DI33B-05:
A Comparative Study of Two Large Low Velocity Structures at the Base of the Earth's Mantle
DI33B-05:
A Comparative Study of Two Large Low Velocity Structures at the Base of the Earth's Mantle
Wednesday, 17 December 2014: 2:34 PM
Abstract:
We recently identified an exceptionally large (~900 km in diameter) ultra-low velocity zone (ULVZ) at the base of the mantle, near the northern border of the Pacific Large Low Shear Velocity Province (LLSVP) and in close vicinity to the projection on the CMB of the Hawaiian hotspot (Cottaar and Romanowicz, 2012). This ULVZ was detected and characterized from Sdiff waveform observations from western Pacific earthquakes, at USArray stations and 3D forward modelling using the spectral element method. These waveforms, filtered in the 10-30 s range, showed the presence of a prominent postcursor, separated from the main phase by up to 50 s in certain azimuth ranges. Reproducing these post-cursors and their behavior in travel time and amplitude required an ULVZ with velocity reduction of ~20% in shear velocity and about 25 km in height above the core-mantle boundary (with some trade-offs).
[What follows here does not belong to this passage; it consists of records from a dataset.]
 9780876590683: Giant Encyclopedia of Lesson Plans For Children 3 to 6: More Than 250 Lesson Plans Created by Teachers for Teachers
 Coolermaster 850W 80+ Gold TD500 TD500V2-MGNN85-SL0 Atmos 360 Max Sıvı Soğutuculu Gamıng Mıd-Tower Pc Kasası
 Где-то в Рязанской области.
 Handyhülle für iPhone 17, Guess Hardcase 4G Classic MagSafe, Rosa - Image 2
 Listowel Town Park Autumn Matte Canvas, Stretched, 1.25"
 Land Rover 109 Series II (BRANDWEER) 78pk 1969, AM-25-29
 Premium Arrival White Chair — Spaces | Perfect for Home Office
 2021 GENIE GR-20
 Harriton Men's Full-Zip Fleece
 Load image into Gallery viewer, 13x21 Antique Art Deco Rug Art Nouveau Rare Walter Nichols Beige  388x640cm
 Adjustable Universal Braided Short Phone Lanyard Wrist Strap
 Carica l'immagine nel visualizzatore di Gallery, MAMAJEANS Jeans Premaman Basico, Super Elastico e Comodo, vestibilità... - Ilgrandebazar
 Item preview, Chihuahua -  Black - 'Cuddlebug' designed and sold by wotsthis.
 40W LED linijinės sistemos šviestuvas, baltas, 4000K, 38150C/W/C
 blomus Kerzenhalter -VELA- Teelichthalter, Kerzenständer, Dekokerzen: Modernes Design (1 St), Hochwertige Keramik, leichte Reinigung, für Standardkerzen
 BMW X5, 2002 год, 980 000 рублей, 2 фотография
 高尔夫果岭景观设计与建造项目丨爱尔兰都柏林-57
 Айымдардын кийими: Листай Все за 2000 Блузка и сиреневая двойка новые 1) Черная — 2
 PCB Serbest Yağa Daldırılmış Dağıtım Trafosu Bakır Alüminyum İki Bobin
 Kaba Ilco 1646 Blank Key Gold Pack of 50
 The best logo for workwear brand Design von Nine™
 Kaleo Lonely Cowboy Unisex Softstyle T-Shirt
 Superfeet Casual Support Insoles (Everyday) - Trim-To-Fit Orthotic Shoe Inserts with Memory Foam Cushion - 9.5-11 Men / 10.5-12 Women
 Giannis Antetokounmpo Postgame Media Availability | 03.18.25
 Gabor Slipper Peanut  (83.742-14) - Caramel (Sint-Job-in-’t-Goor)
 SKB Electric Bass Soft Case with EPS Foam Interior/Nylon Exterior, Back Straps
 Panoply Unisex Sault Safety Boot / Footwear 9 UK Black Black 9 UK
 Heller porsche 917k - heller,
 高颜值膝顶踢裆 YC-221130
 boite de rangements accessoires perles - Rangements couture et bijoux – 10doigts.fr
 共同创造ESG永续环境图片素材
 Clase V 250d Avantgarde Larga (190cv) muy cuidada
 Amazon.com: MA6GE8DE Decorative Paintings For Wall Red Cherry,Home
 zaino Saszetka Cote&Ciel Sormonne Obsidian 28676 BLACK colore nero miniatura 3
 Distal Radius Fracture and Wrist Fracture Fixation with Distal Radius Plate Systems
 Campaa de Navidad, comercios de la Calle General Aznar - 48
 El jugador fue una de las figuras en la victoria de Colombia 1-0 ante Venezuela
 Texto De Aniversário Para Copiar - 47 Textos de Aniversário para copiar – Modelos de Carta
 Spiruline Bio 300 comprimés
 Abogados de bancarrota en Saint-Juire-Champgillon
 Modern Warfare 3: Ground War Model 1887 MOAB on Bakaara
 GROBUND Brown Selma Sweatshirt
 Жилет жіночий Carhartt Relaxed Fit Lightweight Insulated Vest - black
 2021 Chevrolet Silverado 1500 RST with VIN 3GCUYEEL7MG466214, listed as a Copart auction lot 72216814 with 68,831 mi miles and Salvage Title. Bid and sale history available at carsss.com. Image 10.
This ULVZ is below the detection of global tomographic approaches, although it is located at the base of the Hawaiian plume, as imaged in our recent mantle tomographic model (SEMUCB-wm1, French and Romanowicz, 2014, in revision).On the other hand, the low shear velocity PERM anomaly at the base of the mantle (Lekic et al., 2012), which has a similar spatial extent, extends several hundred km into the mantle, with apparently a less reduced velocity contrast (about -7%) and it is detected in most global tomographic models.
Here, we have assembled an augmented dataset of S and Sdiff phases illuminating both anomalies from different directions, and illustrate their contrasting and frequency dependent effects on waveforms, in order to better constrain the difference in the nature of the two velocity bodies.